Les défiances en étaient venues à ce point, parmi les ouvriers qui fréquentaient ce club dirigé par un partisan de M. Blanqui, que, le 9 avril, ils se portèrent à la préfecture dans le dessein de s’en emparer et d’en chasser le commissaire ; mais M. Jolly avait été prévenu : La garde nationale, accourue à sa défense, eut aisément le dessus dans la lutte qui s’engagea, malgré l’extrême animation des ouvriers, parce que ceux-ci, au nombre de neuf cents environ, étaient très-mal armés et que leur chef se laissa prendre dès le commencement de la lutte. Le lendemain, le club communiste fut fermé, son journal suspendu ; la garde nationale vint féliciter le commissaire de la victoire que le parti de l’ordre, comme on disait déjà, avait remportée en sa personne.

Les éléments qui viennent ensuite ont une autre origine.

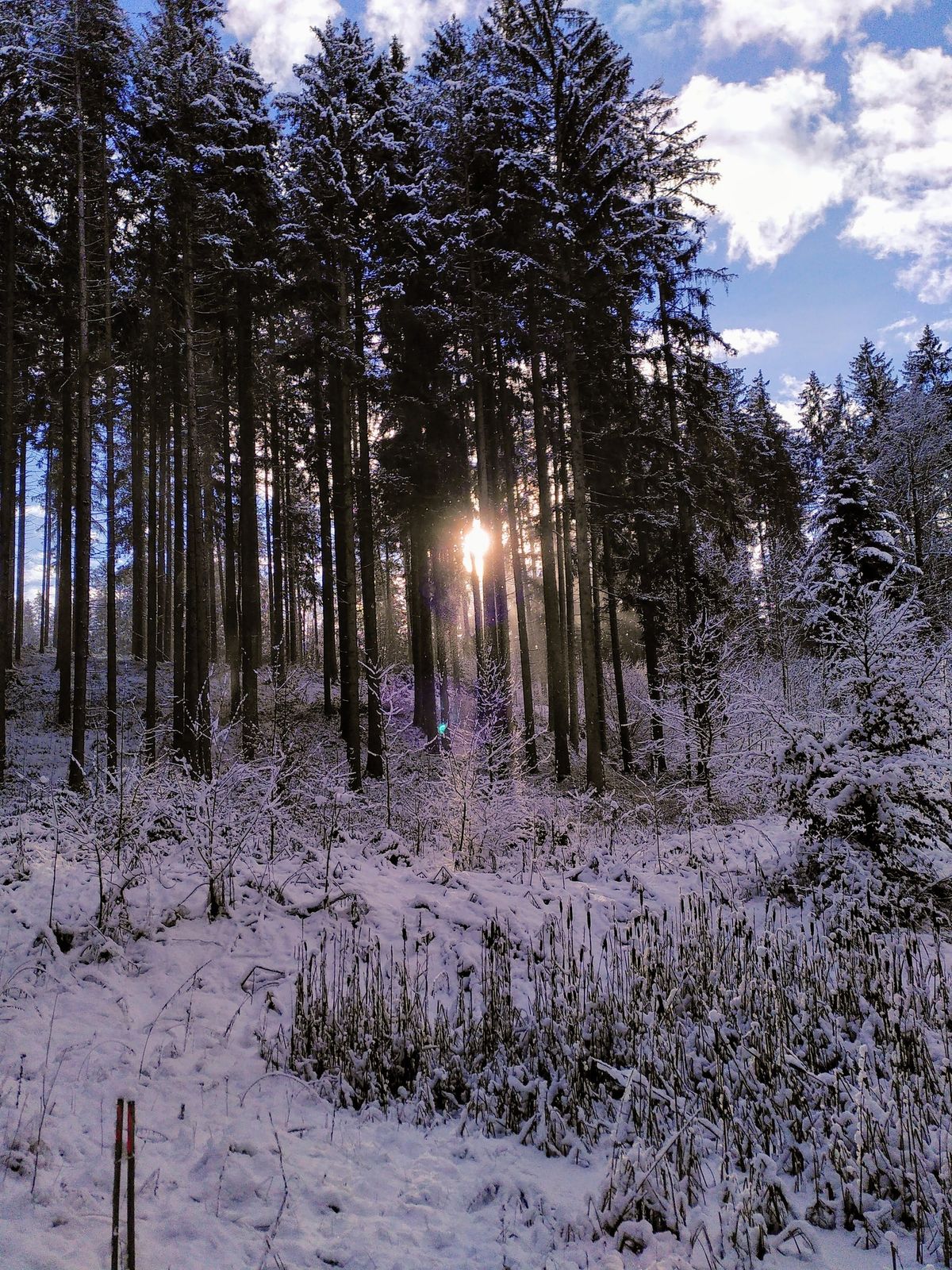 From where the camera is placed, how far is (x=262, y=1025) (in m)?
4.85

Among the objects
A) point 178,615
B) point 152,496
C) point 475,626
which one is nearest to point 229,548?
point 152,496

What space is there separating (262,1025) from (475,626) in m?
12.9

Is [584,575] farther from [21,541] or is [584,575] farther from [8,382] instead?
[21,541]

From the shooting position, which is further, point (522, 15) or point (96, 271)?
point (96, 271)

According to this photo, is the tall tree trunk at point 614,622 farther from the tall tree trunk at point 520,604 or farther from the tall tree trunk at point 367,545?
the tall tree trunk at point 367,545

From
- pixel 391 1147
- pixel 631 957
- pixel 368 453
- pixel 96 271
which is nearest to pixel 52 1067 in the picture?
pixel 391 1147

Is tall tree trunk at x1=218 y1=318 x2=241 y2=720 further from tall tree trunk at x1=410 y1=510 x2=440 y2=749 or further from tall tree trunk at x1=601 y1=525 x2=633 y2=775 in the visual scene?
tall tree trunk at x1=601 y1=525 x2=633 y2=775

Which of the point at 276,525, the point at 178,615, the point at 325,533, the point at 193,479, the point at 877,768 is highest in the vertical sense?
Answer: the point at 276,525

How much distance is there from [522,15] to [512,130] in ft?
7.51

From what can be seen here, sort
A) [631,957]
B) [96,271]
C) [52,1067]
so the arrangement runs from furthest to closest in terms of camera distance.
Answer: [96,271], [631,957], [52,1067]

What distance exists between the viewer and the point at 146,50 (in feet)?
47.0

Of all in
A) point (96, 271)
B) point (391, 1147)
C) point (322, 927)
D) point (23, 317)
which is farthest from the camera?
point (23, 317)

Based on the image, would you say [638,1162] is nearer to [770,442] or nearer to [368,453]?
[368,453]

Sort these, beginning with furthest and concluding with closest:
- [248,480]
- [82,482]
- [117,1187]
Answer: [248,480] < [82,482] < [117,1187] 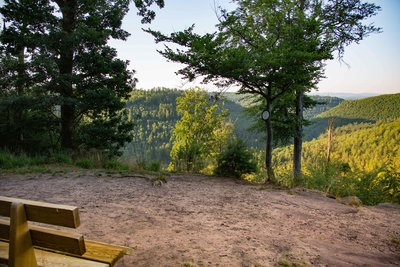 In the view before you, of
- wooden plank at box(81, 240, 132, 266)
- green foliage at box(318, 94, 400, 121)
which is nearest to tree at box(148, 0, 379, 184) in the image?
wooden plank at box(81, 240, 132, 266)

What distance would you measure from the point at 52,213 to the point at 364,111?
133630mm

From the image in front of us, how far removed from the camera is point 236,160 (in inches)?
332

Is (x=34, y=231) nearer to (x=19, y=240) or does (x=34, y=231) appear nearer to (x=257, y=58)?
(x=19, y=240)

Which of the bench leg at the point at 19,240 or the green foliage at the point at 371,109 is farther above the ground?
the green foliage at the point at 371,109

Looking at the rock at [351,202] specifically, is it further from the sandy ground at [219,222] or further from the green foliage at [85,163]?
the green foliage at [85,163]

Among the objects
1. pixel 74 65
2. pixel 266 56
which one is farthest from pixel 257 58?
pixel 74 65

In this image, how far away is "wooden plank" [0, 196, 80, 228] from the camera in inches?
65.9

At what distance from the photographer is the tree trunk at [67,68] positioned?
32.9 feet

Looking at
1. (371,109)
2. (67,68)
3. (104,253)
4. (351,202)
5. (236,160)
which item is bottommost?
(351,202)

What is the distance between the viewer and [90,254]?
83.7 inches

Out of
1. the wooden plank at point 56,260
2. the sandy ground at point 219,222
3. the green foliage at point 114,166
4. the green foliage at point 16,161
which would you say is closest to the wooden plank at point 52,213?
the wooden plank at point 56,260

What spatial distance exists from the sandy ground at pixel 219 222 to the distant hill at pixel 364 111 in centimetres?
10090

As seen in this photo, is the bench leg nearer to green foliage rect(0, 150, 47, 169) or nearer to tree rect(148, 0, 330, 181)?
tree rect(148, 0, 330, 181)

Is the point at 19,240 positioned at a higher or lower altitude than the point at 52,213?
lower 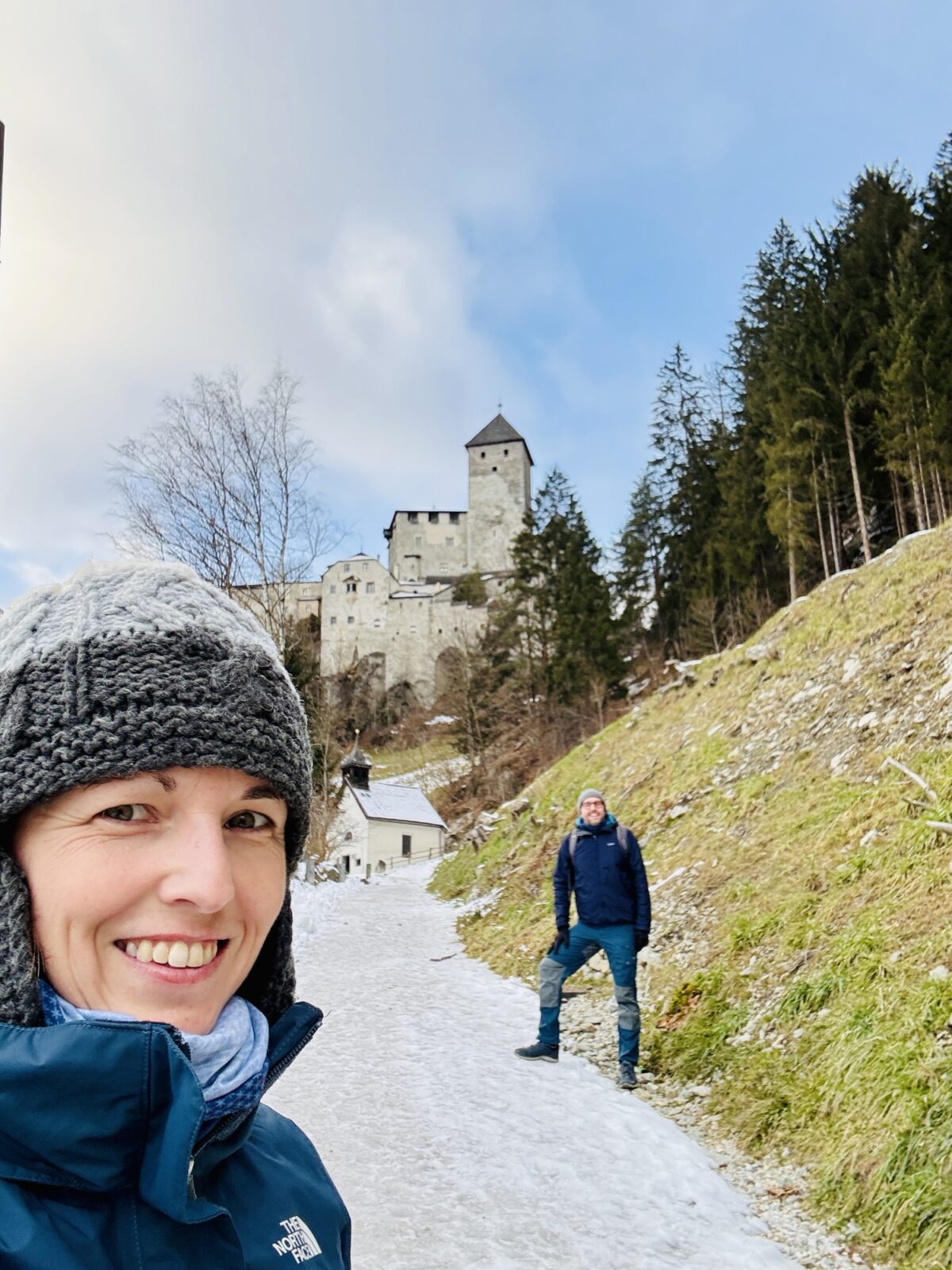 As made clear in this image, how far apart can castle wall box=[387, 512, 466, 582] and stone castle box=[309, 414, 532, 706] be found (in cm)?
8

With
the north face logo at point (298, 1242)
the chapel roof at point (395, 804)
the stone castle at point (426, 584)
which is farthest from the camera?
the stone castle at point (426, 584)

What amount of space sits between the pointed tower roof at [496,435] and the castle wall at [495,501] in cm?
37

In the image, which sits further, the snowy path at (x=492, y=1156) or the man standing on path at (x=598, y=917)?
the man standing on path at (x=598, y=917)

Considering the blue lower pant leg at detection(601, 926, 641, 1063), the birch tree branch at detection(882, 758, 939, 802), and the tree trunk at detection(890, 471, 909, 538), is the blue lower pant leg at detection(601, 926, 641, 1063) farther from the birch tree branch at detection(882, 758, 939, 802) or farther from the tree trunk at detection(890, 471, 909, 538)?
the tree trunk at detection(890, 471, 909, 538)

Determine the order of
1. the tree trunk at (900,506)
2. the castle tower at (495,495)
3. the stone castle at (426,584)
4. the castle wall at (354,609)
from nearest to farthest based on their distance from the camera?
the tree trunk at (900,506)
the stone castle at (426,584)
the castle wall at (354,609)
the castle tower at (495,495)

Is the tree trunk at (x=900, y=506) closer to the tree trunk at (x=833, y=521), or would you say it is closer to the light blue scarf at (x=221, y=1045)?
the tree trunk at (x=833, y=521)

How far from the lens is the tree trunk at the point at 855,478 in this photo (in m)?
25.3

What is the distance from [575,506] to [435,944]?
3891 centimetres

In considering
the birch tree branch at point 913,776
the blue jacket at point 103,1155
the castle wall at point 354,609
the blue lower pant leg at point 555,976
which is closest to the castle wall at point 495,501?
the castle wall at point 354,609

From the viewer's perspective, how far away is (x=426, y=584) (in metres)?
81.0

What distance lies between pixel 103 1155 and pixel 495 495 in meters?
84.8

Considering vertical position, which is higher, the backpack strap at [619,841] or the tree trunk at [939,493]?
the tree trunk at [939,493]

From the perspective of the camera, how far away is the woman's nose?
4.01 feet

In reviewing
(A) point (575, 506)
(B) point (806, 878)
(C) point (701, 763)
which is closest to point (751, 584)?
(A) point (575, 506) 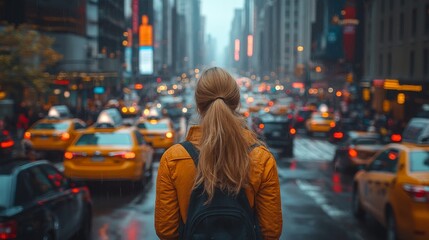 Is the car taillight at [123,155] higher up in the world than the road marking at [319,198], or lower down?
higher up

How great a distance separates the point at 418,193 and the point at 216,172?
596 cm

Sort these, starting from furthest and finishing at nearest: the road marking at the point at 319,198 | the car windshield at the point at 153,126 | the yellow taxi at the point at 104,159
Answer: the car windshield at the point at 153,126 → the yellow taxi at the point at 104,159 → the road marking at the point at 319,198

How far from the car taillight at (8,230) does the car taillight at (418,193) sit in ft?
16.4

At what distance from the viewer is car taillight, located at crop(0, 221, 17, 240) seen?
22.0 feet

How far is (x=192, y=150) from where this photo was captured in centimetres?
363

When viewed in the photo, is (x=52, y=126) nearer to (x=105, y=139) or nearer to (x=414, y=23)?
(x=105, y=139)

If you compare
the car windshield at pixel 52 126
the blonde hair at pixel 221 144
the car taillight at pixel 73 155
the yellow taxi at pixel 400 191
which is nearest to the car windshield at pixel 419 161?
the yellow taxi at pixel 400 191

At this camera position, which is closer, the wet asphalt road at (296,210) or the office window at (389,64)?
the wet asphalt road at (296,210)

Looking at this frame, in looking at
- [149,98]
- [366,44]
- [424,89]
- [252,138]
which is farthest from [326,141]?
[149,98]

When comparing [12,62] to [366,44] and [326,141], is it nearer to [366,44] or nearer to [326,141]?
[326,141]

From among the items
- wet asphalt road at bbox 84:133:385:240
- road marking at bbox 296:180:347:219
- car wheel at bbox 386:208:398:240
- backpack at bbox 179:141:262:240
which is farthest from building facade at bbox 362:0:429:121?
backpack at bbox 179:141:262:240

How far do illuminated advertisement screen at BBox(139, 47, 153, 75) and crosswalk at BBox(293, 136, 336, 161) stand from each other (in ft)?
321

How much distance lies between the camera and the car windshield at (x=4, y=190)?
7141mm

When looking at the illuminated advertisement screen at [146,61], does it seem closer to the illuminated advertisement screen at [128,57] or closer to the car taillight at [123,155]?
the illuminated advertisement screen at [128,57]
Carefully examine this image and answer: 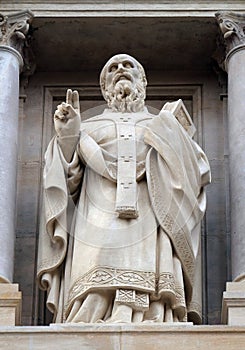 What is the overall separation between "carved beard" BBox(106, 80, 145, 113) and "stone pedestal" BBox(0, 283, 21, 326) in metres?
1.92

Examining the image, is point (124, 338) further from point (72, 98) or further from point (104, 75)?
point (104, 75)

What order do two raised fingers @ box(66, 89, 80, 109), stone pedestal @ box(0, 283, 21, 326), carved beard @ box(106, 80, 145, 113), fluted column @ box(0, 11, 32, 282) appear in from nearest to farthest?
stone pedestal @ box(0, 283, 21, 326) → two raised fingers @ box(66, 89, 80, 109) → fluted column @ box(0, 11, 32, 282) → carved beard @ box(106, 80, 145, 113)

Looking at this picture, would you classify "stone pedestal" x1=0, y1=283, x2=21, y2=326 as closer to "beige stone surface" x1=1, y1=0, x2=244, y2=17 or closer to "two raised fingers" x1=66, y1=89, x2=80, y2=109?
"two raised fingers" x1=66, y1=89, x2=80, y2=109

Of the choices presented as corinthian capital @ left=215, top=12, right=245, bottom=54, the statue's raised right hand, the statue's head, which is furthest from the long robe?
corinthian capital @ left=215, top=12, right=245, bottom=54

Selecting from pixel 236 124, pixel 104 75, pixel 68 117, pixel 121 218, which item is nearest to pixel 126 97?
pixel 104 75

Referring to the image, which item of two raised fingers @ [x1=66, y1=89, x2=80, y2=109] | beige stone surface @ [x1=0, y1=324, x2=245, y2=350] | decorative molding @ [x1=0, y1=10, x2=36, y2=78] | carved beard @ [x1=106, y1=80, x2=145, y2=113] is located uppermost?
decorative molding @ [x1=0, y1=10, x2=36, y2=78]

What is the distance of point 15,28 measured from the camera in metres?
14.1

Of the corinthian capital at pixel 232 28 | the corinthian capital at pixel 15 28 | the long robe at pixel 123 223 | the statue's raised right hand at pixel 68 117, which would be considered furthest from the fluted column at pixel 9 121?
the corinthian capital at pixel 232 28

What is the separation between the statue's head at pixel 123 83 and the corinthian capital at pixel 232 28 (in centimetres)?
97

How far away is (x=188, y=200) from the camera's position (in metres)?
12.6

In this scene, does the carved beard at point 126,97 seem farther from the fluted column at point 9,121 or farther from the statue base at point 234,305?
the statue base at point 234,305

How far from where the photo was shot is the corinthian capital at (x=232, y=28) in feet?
46.2

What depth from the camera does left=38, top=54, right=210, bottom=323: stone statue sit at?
12180mm

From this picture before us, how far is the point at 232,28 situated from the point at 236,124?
0.93 meters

Cette mesure, cependant, était beaucoup trop complète aux yeux de M. Jolly, car elle rendait aux royalistes, à la veille des élections, une force qu’ils n’avaient jamais perdue en réalité, mais dont ils avaient perdu le sentiment, et qui, par conséquent, leur était devenue inutile. M. Jolly crut donc devoir, sans plus tarder, combattre leur influence, et il s’attaqua, sans beaucoup de prudence, à l’un des hommes les plus considérables du parti orléaniste, M. Charles d’Arragon, qui devait à ses relations personnelles avec M. Garnier-Pagès sa nomination au commissariat d’Alby et le patronage presque officiel du gouvernement pour sa candidature. M. Jolly tenta d’autorité, sans aucun motif sérieux, presque sans prétexte, de révoquer M. d’Arragon ; il installa un avocat, nommé Boguel, à sa place ; mais la force morale de l’opinion publique l’emporta sur la volonté cependant très-énergique de M. Jolly. On écrivit de tous côtés, à Paris, pour protester contre la révocation de M. d’Arragon, et bientôt, à la grande surprise du commissaire, il se vit désavoué par M. Ledru-Rollin qui réintégra M. d’Arragon dans ses fonctions.